My setup is BF471/472 as predriver 2sa1837/2SC4793 as drivers and MJL4281/4302 as outputs. At the beginning I had some stability issues which were fixed by inserting the extra caps on the output board.
I think your choise of devices is fine.
Jarno
It seem obvious that we want to have the open loop bandwidth of any audio amp flat in all the audio range. It means still flat at 20Khz.
This will lead to a constant feedback ratio in the band, and no, or minimal phase shift, once looped.
Unfortunately, and even with the fastest devices we can find for each stage, it is very difficult to achieve.
For me, this search for speed is the most important point, when i'm about to chose a transistor for an amp with global feedback, as well as reducing the number of stages (poles) in the loop to the minimum.
Not to talk about stability margins witch have a great impact on the sound quality during transients...
Last edited:
My experience shows:
- Yes, fast IPS ("comparator") is always an advantage. Also, the right OLG distribution between the front-end stages is important for maintaining the low TIM (IPS is not going to be a gain champion here).
- You would also want to have the output devices as fast as possible. In EF3, for example, designing a compensation approach, it is never a good idea to slow down the "outputs" or the drivers (unless it's a really "evil" OPS). You can slow down the pre-drivers though with no problem (shunt caps).
So, in general, looking at the amp's schematic, drawn the "normal" way, it goes like this - fast left side, slower middle (this is where most of the compensation is arranged) and as fast right side as you can get (it will be slower than IPS anyway, but still).
Cheers,
Valery
Happy to see, Valery, that you correlate my 'instinctive' habits ;-)
I will add that, at the end, i tend to prefer Laterals for OPS. For two reasons: they are fast and they don't have secondary breakdown risk, making them reliable.
As i never noticed some kind of 'FET coloration' with them, i stay stuck with this technology. I like too the fact that they provide a better 'isolation' with the previous stages.
Their high impedance is an advantage too, as, most of the time, we don't need a pre-driver: Simple stages IPS, VAS and OPS are achievable, despite the high gate parasitic capacitances at HF: Simple is beautiful and good to keep the source's 'details".
For VAs, the only question that remains is Cascode or not.
For IPS and a CFB topology (that i definitively prefer after years of listening comparisons), apart CCS or not, the choice is a cap in the signal path (VSSA like), or some kind of diamond input to cure the offset.
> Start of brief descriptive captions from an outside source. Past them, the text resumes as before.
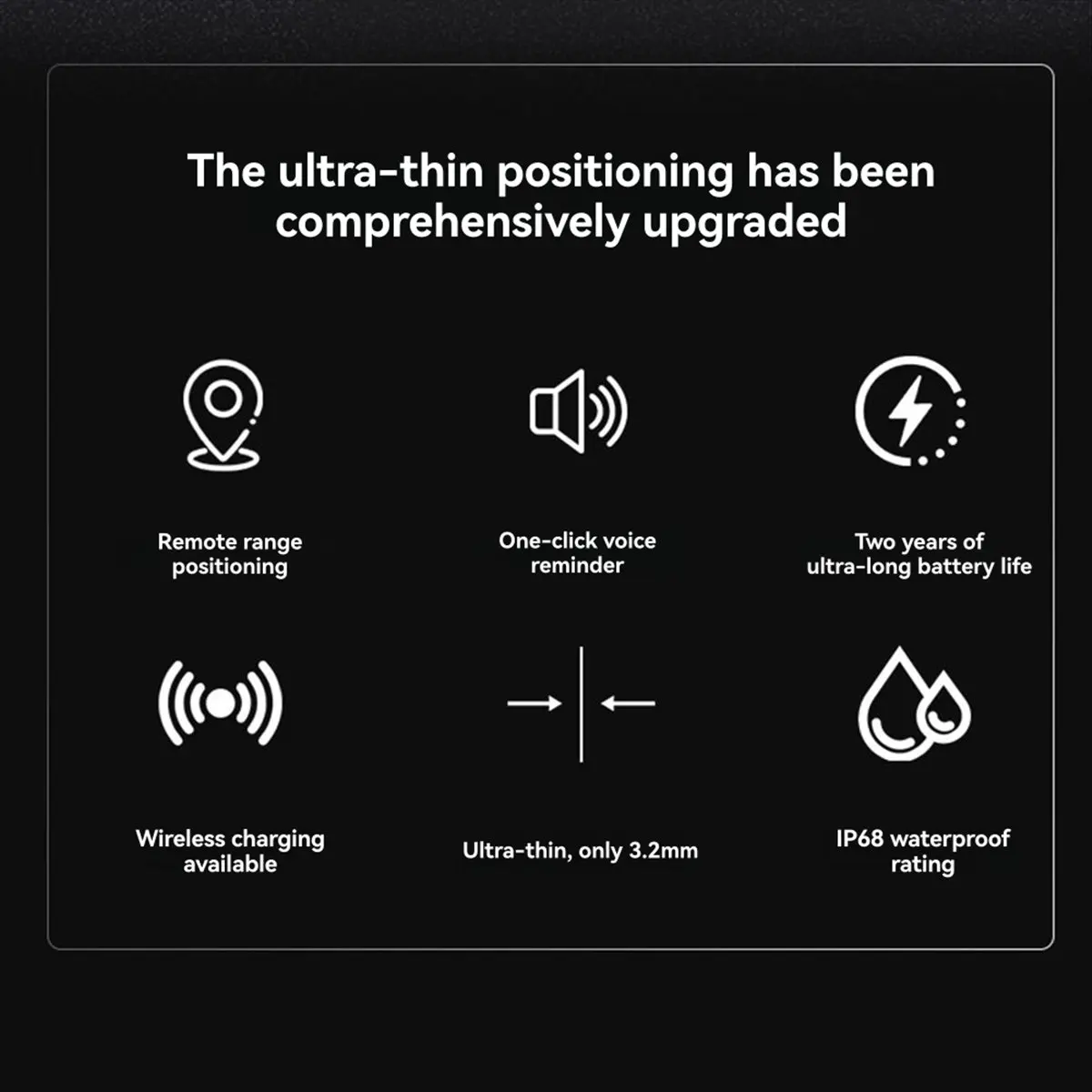 Promotion Mini Wallet Tracker Card Wireless Charging Tracking Location Gps Locator Smart Tag Work with Find My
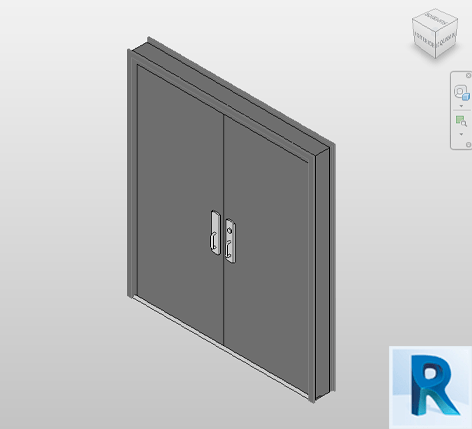 Revit door exterior double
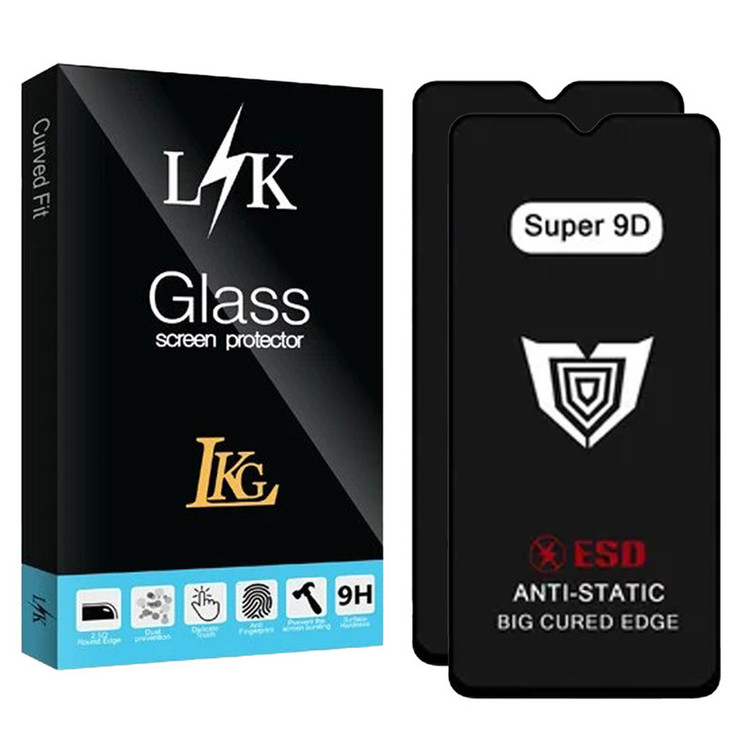 محافظ صفحه نمایش ال کا جی مدل Super 9D مناسب برای گوشی موبایل سامسونگ Galaxy A05 4G بسته 2 عددی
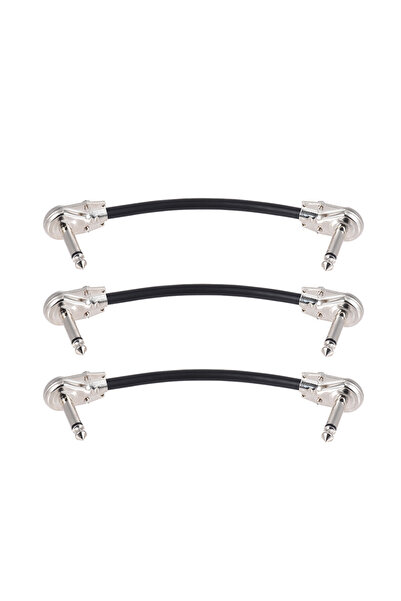 Choice1 15cm 3PCS Miwayer 15cm/ 6in Guitar Effect Pedal Instrument Patch Cabl...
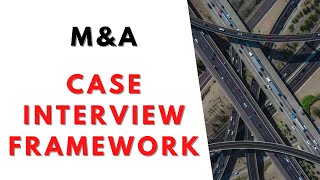 How to approach a MampA case interview [upl. by Rafaelita]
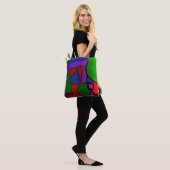 Reeds verven tote bag (Op model)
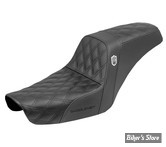 -  SELLE SADDLEMAN - DYNA 99/03 - SEAT PRO SERIE SDC GRIPPER - LS DOUBLE DIAMOND - NOIR  / COUTURES NOIR - SC89604D0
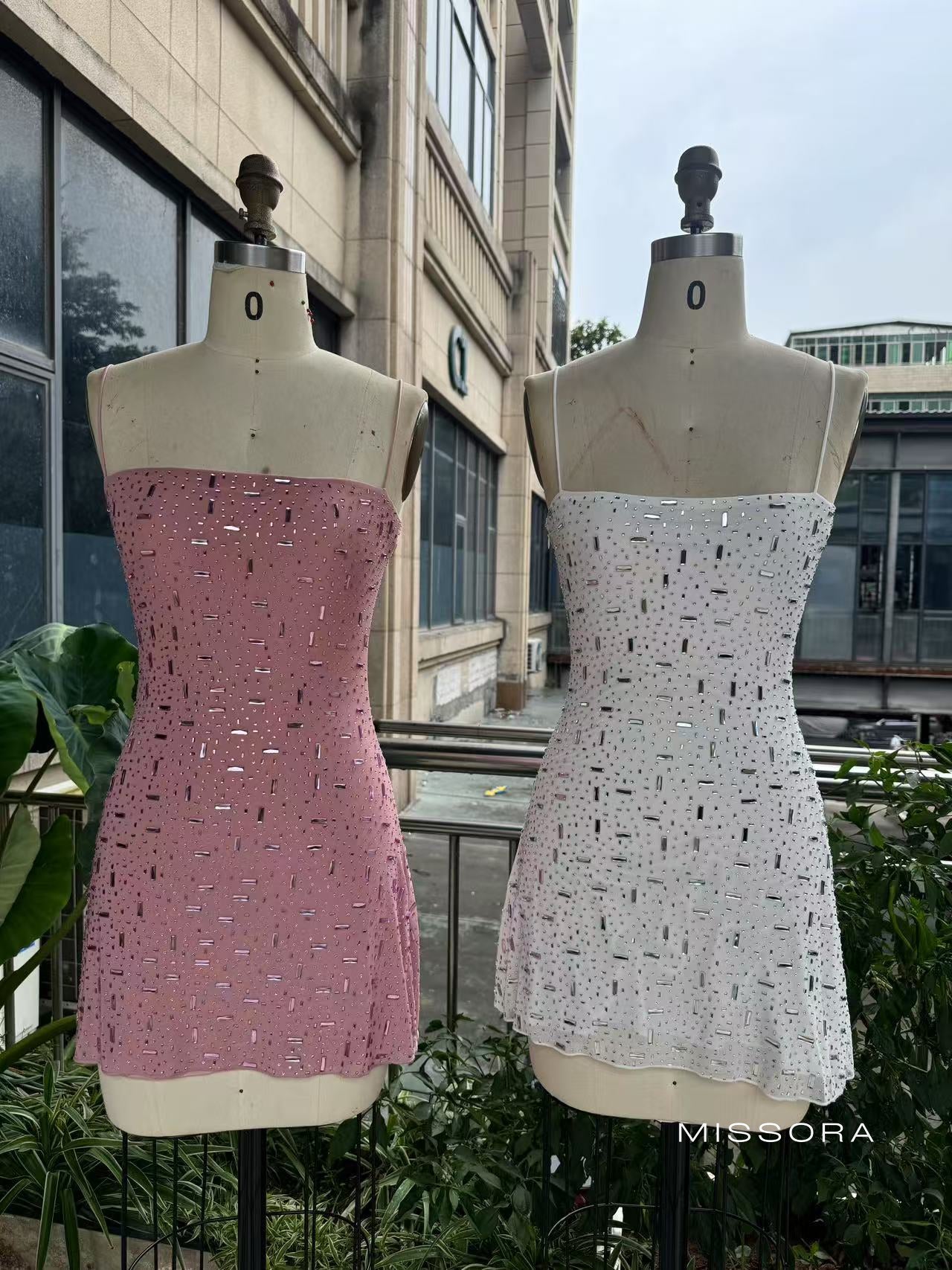 Solange Pırıltılı Straplez Mini Elbise [AQM2G1SA]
Despite the bad opinion of 'Lazy Cat' about Diamonds, based on his listening experience with this topology, i am sure that it is the way to dig. Because the extra transistor is not in the feedback loop, because it reduce the distortion at low frequencies, due to the phase shifts of the feedback cap there, because it produce a better isolation between the input line and the loop. Because it is easy to fix a low pass filter not influenced by the source's impedance.
I am interested by your comments about all those expectations.
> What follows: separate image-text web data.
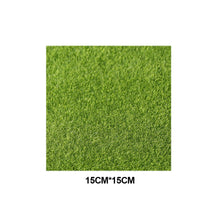 Load image into Gallery viewer, Aritificial Square Lawn Piece for Fish Tank Aquarium Microlandschaft Decoration Grass Moss Mat 15*15cm
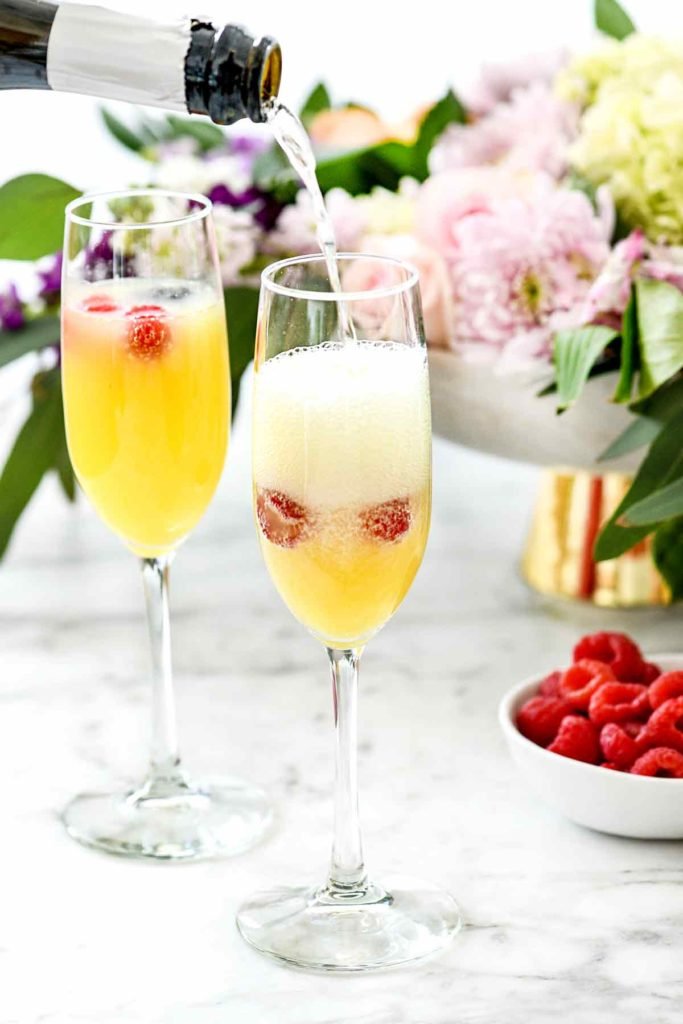 Mimosa Cocktail Set, Set of 8 Glasses with Pitcher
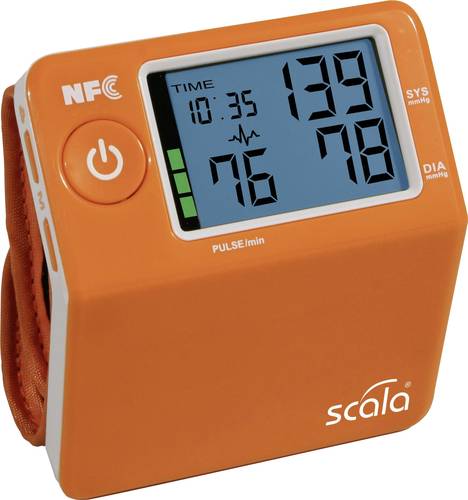 Scala SC7400 orange Handgelenk Blutdruckmessgerät 02488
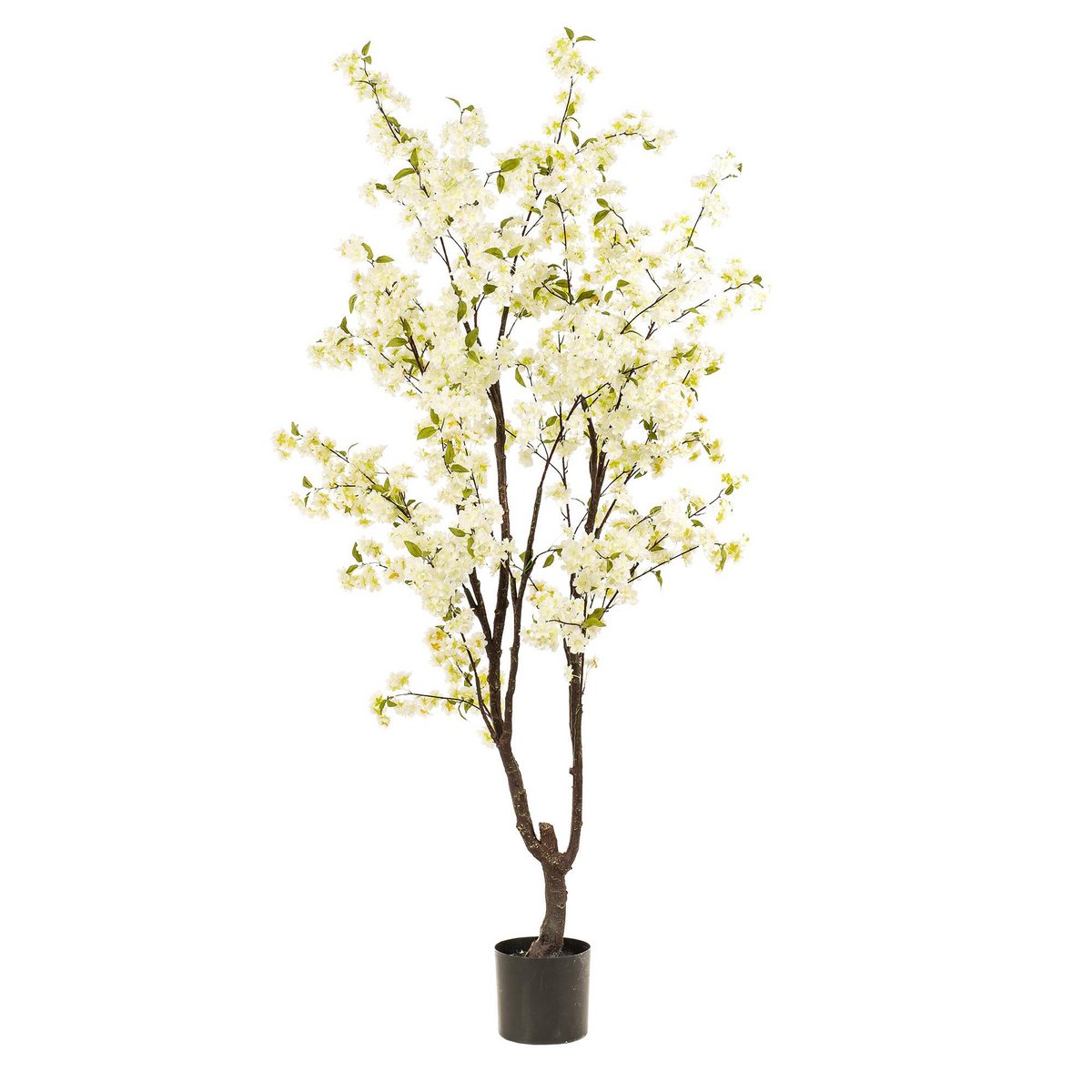 Sztuczna roślina - Prunus - Kwiat Wiśni - Biała - 210cm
I will add that, at the end, i tend to prefer Laterals for OPS. For two reasons: they are fast and they don't have secondary breakdown risk, making them reliable.
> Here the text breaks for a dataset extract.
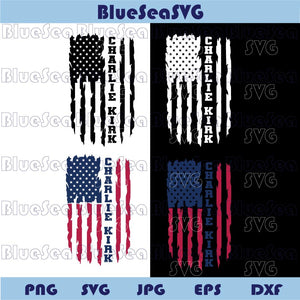 Charlie Kirk Svg Usa Flag American Patriot Charlie Kirk 31 Svg Png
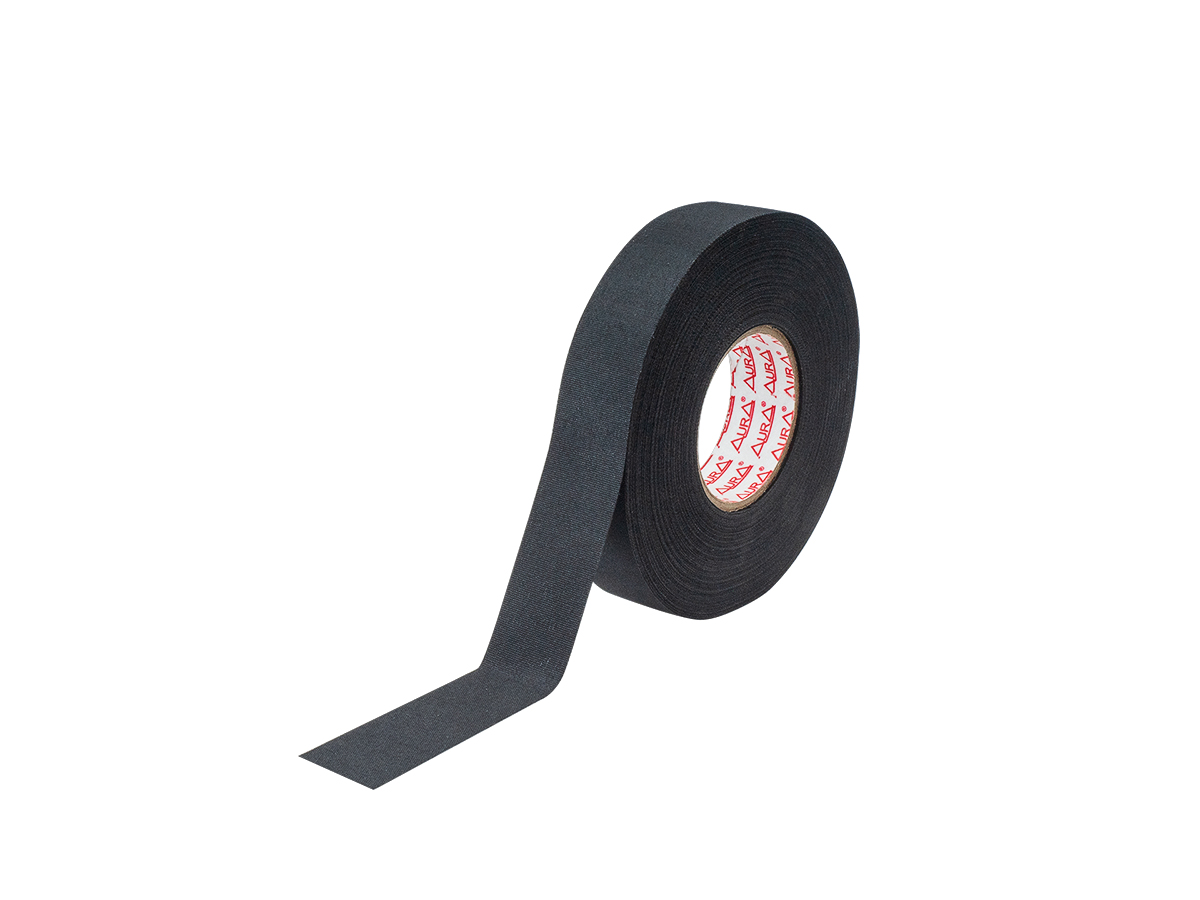 Изолента | AurA ZTC-V425B | изолента (ВИСКОЗА), черная, 250mic x 19mm x 25m | 1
As i never noticed some kind of 'FET coloration' with them, i stay stuck with this technology. I like too the fact that they provide a better 'isolation' with the previous stages.
Their high impedance is an advantage too, as, most of the time, we don't need a pre-driver: Simple stages IPS, VAS and OPS are achievable, despite the high gate parasitic capacitances at HF: Simple is beautiful and good to keep the source's 'details".
For VAs, the only question that remains is Cascode or not.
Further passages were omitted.